カウントダウン
第15話 カウントダウン
推しているアイドルのカウントダウンコンサートの配信があったのに、今年は買うのをやめてしまった。毎年の恒例だったはずだがそういう気にならなかったのは、間違いなく私の隣で寝転んでいる彼のせいだ。
「……どうかしたのかい?」
「あー、いえ」
もうすぐ年が変わる。
去年の今頃は婚約者でもあった彼氏がいたが、仕事の都合で一緒には過ごさなかった。
たぶん、年越しを誰かと一緒に迎えたのは高校三年生のときだけのような気がする。一緒に新年までのカウントダウンをしながら、初詣に行ったあの日だけ。
大学時代はバイトがあるから早寝していたし、社会人になってからはリリース後の待機で自宅にいることが多かった。そもそも外に出て人と会えるような情勢でもなかったから、仕事を引き受けてしまったわけだが。
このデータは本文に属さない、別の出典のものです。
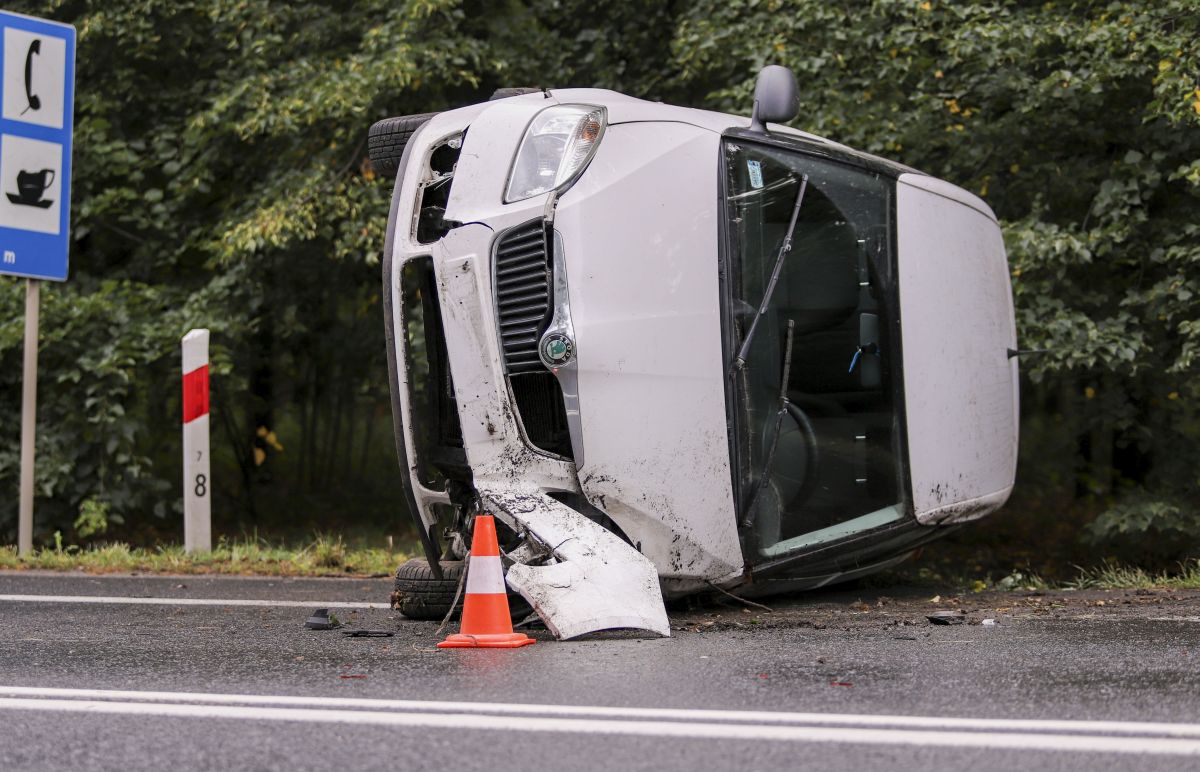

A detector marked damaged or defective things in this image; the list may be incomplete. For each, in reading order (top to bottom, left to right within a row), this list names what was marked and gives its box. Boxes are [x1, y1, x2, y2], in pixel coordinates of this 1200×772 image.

broken headlight [501, 104, 604, 204]
overturned white van [369, 67, 1017, 638]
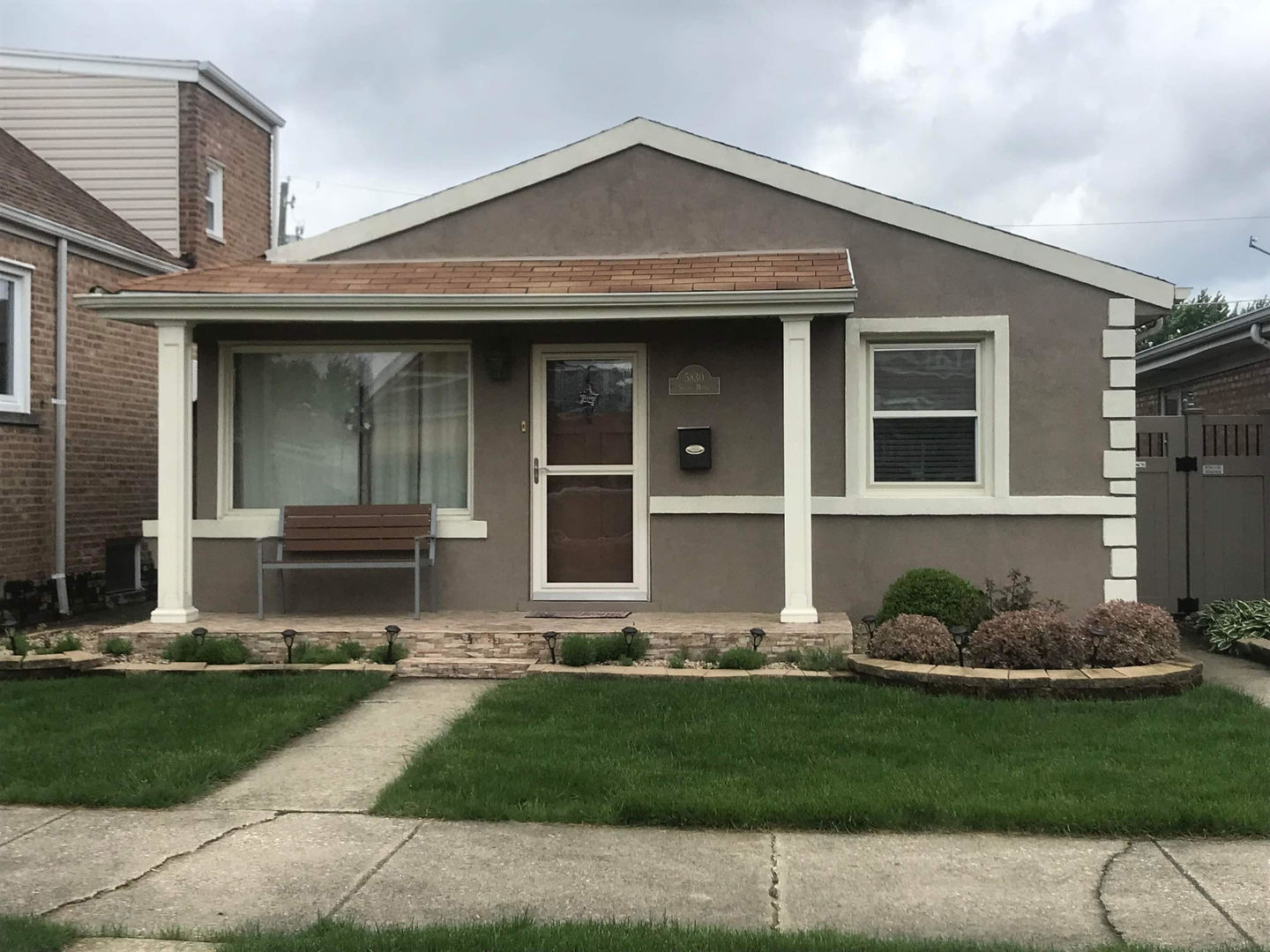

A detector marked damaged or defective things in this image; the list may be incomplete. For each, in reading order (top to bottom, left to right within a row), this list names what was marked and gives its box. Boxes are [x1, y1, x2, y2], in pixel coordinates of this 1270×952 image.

sidewalk crack [0, 807, 74, 852]
sidewalk crack [38, 812, 279, 919]
sidewalk crack [330, 817, 423, 919]
sidewalk crack [1092, 837, 1132, 944]
sidewalk crack [1158, 843, 1254, 949]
誰かと過ごさない代わりに、お気に入りのアイドルの推しが頑張ってるカウントダウンコンサートを見るのが私自身への一年間のご褒美だったのだ。
「弓弦ちゃんは僕の顔が本当に好きだよねえ」
「そういうデザインを選んだのは神様さんじゃないですか」
「美人は三日で飽きるものだと聞いていたから心配はしていたんだけど、杞憂でよかったなあって心から思っているよ」
「なんで飽きないんでしょうね」
「別にそういう神通力を使っているわけじゃないよ」
彼――神様さんはそう返してふっと力が抜けたように笑った。
むしろ、そういう神通力を使っていると答えられたほうがずっと信憑性があるんだが。
神様さんは自称神様な怪異だ。ここに顕現する際に私の影響を受けて私好みの外見を持っている。うん。好みなのは外見であるということは強調しておきたい。
「魅了できている自信があったら、こんなに不安にならないからね」
「……不安、なんですか?」
私が尋ねると、彼は私の頬を撫でた。
「いつか君が、僕の求めに応じてくれなくなるんじゃないかって」
「まあ……いずれは応じるのは難しくなるとは思いますよ。体力的な意味で」
まだ若い自信はあるし体力も充分ではあるが、歳はとるものなのだからそのうちに難しくなるだろう。
「拒まれることが怖い」
「今でも無理なときは無理って言ってますけどね」
「そういうことじゃないよ」
神様さんは私の上にゆっくりと跨がる。見上げる私の額に口づけをして、困ったように笑った。